Yang menarik dari film ini bukan bagian paduan suaranya. Saya lebih tertarik pada setiap kisah di balik para tahanan tersebut. Hampir semua tokoh yang ada di film ini masuk penjara karena mereka lebih dahulu disakiti sehingga merasa tidak tahan dan akhirnya berbuat kejahatan. Jong-hye misalnya. Ia membunuh suaminya lebih karena ketidaksengajaan. Jong-hye mendorong suaminya sehingga suaminya jatuh dan menimpa meja kaca. Lalu ada seorang pegulat profesional yang mematahkan leher pelatihnya karena membawa kabur uang hasil usaha gulatnya. Ada seorang nenek yang dijatuhi hukuman mati karena membunuh suami dan selingkuhannya. Dan seorang gadis muda membunuh ayah tirinya karena sudah bertahun-tahun memperkosanya.

Cerita-cerita mereka begitu menyakitkan. Sakit karena yang mereka bunuh adalah orang-orang yang pada dasarnya mereka sayangi. Sakit karena orang lain memandang merekalah yang salah, tanpa mencari tahu alasan mengapa mereka sampai bisa menjadi seorang pembunuh. Sakit karena satu per satu keluarga menjauhi mereka.
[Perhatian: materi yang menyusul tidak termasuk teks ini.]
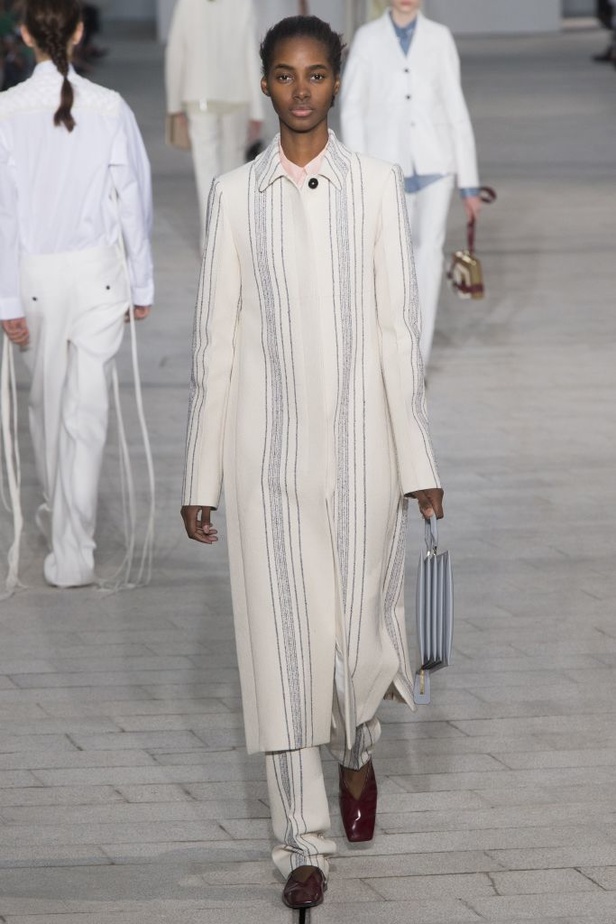 عرض أزياء Jil Sander لموسمي ربيع وصيف 2018!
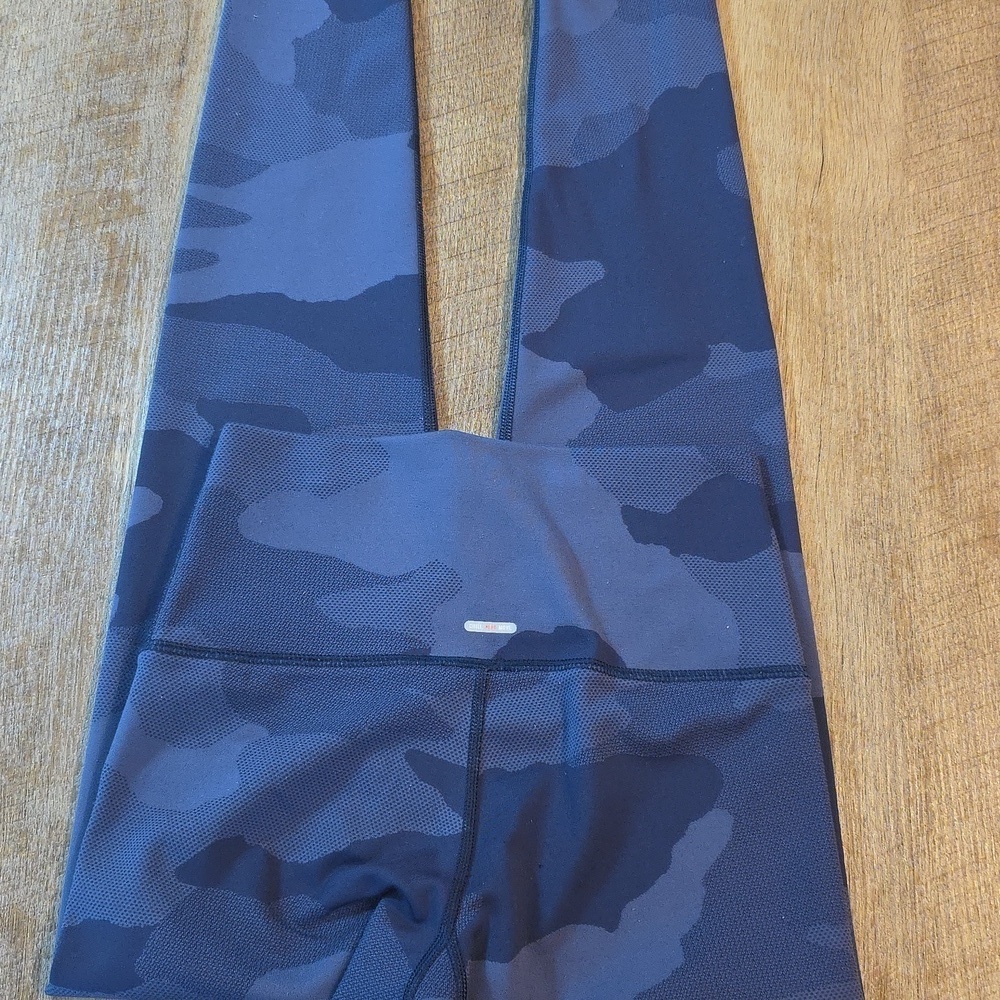 Aerie  Navy Camouflage Workout Leggings. Size S - Picture 4 of 4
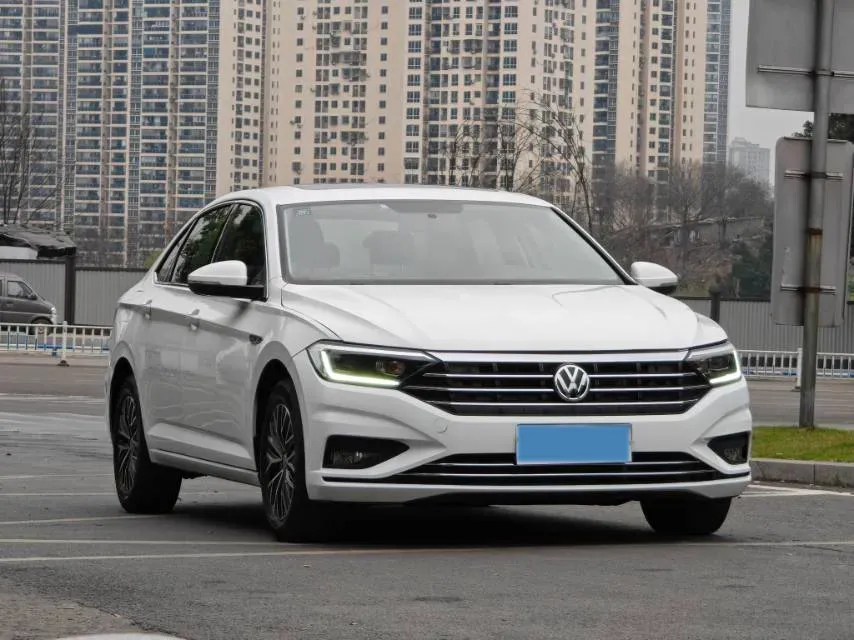 2019 Jeep Renegade 1.3T 173HP L4 7DCT,autocango,china used car exporter,china ev exporter,chinese used car exporter,chinese used ev exporter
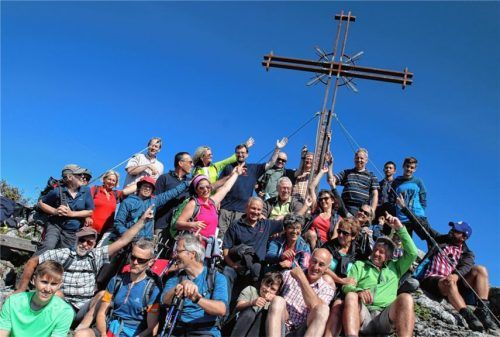 Jeder hat sein Kreuz zu tragen – und wer es auf einen Gipfel trägt, muss sich besonders schinden. Wenn aber alle zusammen helfen, wird das was – lautete die Botschaft der Bergmesse am Spitzstein. Freunde und Mitarbeiter der Einrichtung Don Bosco trafen sich hier. Vor einem Jahr schleppten die Schüler das Material für das Kreuz hier hoch.Foto re
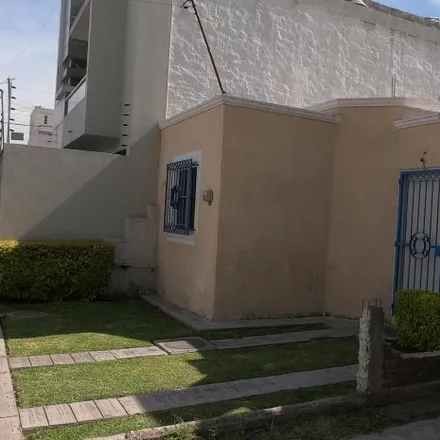Rent this 2 bed house on Calle Valle del Yaqui in Jardines del Valle, 45138 Nuevo México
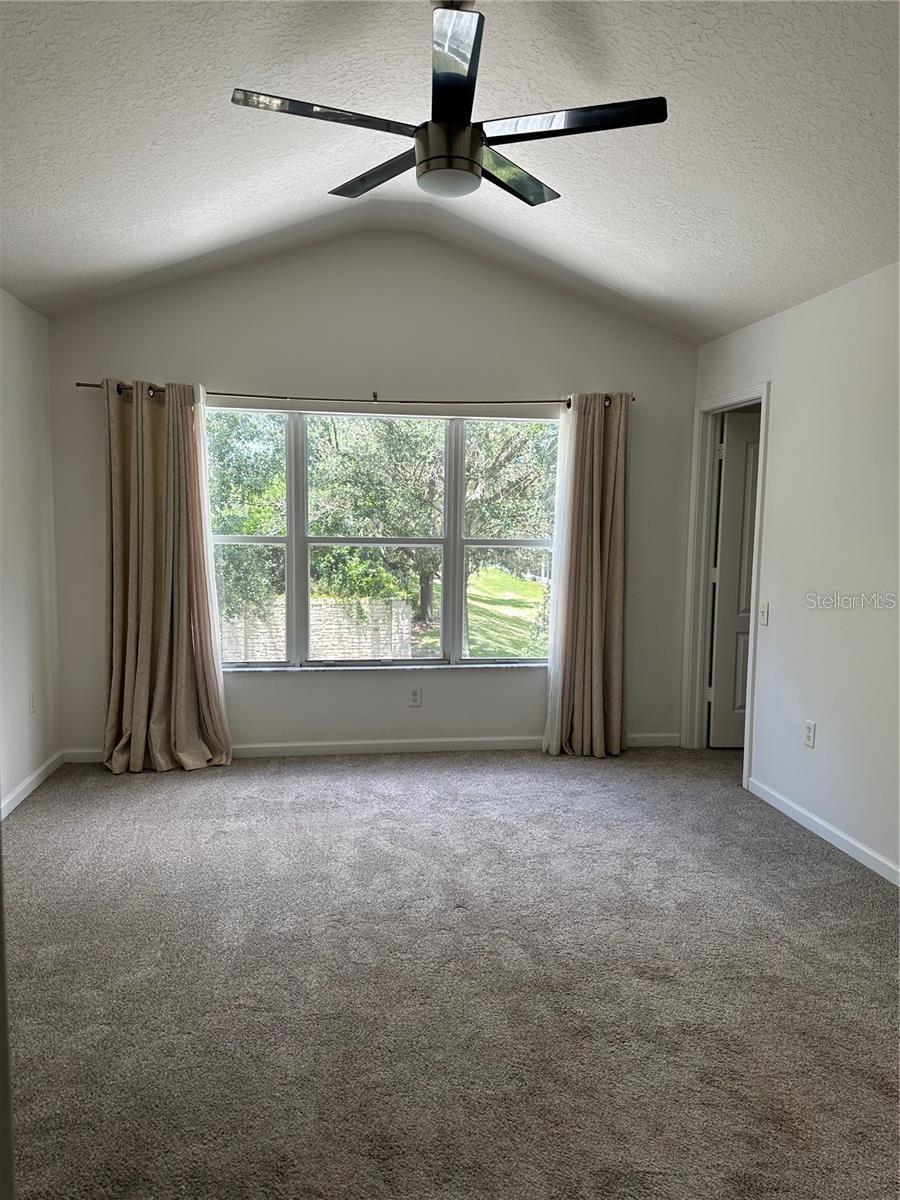 Home in BRADENTON — photo 12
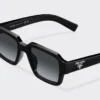 Gafas de sol con el logotipo de Prada Gafas de sol con el logotipo de Prada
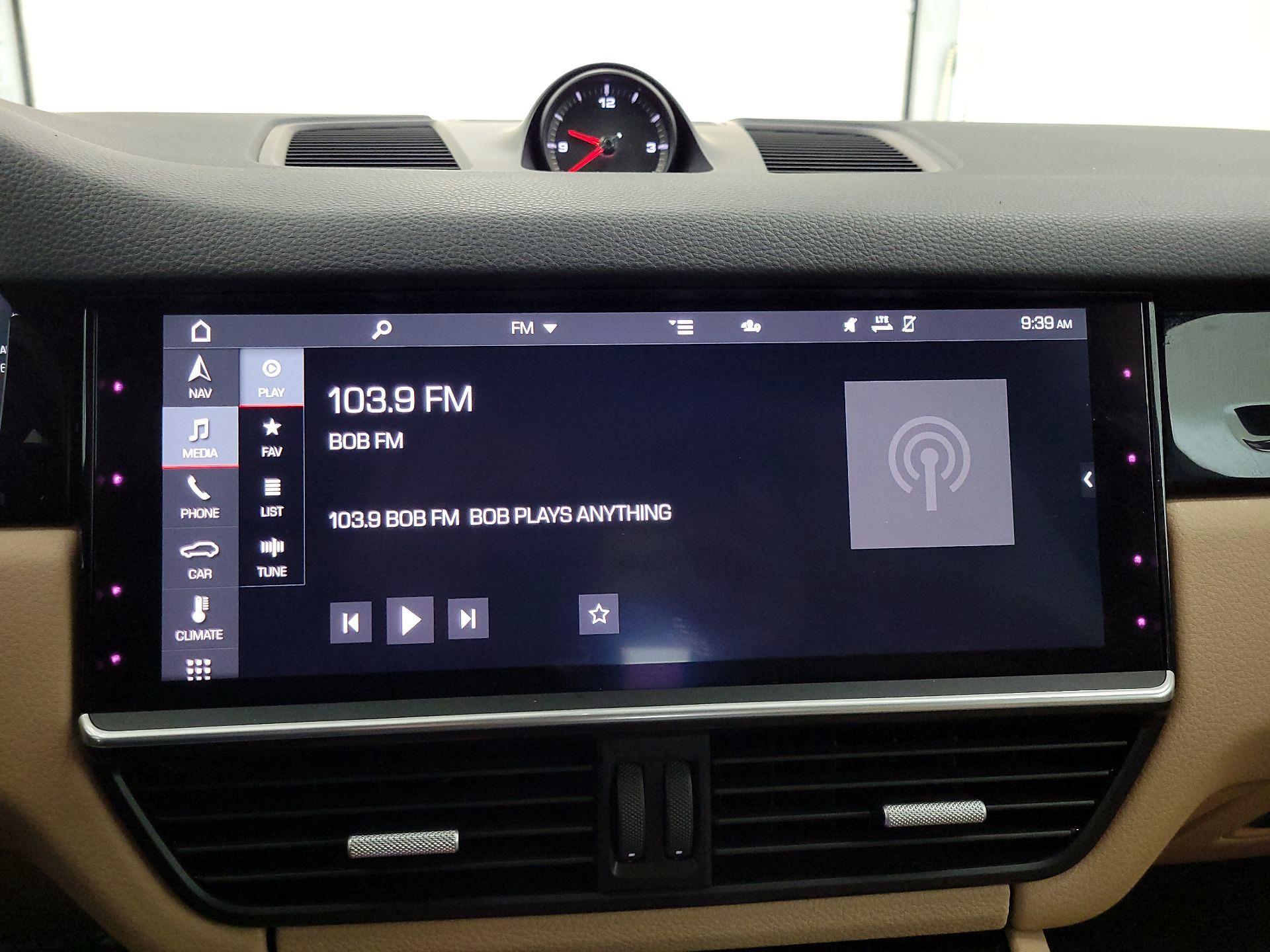 Thumbnail: 2020 Porsche Cayenne - 15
Ibu adalah benang merah dari tokoh-tokoh penting dalam film ini. Ada yang harus berpisah dari anaknya, ada yang berpisah dari ibunya, ada yang tidak bisa memaafkan ibunya, ada yang tidak bisa dimaafkan oleh anaknya. Karena mereka adalah wanita, mereka adalah ibu bagi satu dengan yang lainnya. Terutama tokoh nenek, Mun-ok. Sebagai tahanan tertua, ia menjadi sosok yang bijaksana, sayang, dan perhatian pada tahanan lainnya. Ia pula yang membimbing kelompok paduan suara itu sehingga dapat menyanyi dengan indahnya.

Film ini ditutup dengan haru. Paduan suara itu berkesempatan tampil dalam sebuah konser dan mereka boleh mengundang keluarga atau orang lain. Mereka diberikan kesempatan pula untuk bertemu setelah konser berakhir. Jong-hye akhirnya bisa bertemu dengan Min-woo yang tergabung dalam Yellow Ribbon Children Choir. Rasa rindu yang selama ini ada dalam diri Jong-hye teruak ketika bisa memeluk Min-woo. Meskipun Min-woo tidak tahu itu ibunya, Jong-hye tetap tersenyum padanya. Sakit. Pasti sakit.

Pertemuan-pertemuan itu dipenuhi dengan keharuan dan permohonan maaf. Ketika pelukan dan air mata membaur, segala kesesalan pun sirna. Maaf pun diberikan dan hubungan baik kembali terbina dengan keluarga. Namun nyatanya film ini ditutup dengan akhir yang menyedihkan, seolah-olah tidak ingin membuat penonton merasa senang.

Hukuman mati nenek dijatuhkan tidak lama setelah konser berakhir. Nenek diberi kesempatan sehari bersama kedua anaknya, anak-anak yang akhirnya bisa memaafkan kesalahannya berpuluh tahun silam. Dengan tangis, kepergian nenek menjalani hukumannya pun menutup film ini.

Meskipun ada beberapa hal-hal kecil yang mengganjal, film ini tetap memikat saya. Sederhana namun maknanya dalam. Toh tidak hanya saya yang mencucurkan air mata (duileee berlebihaaannn :P ), seorang teman saya pun diam-diam mengusap sudut matanya. Mungkin karena kami berdua wanita dan kami berdua sama-sama sensitif sehingga film ini begitu mengharu-biru. Tapi mungkin saja kalian yang menontonnya juga dibanjiri air mata karena memang filmnya yang mengharuskan kita berbuat demikian.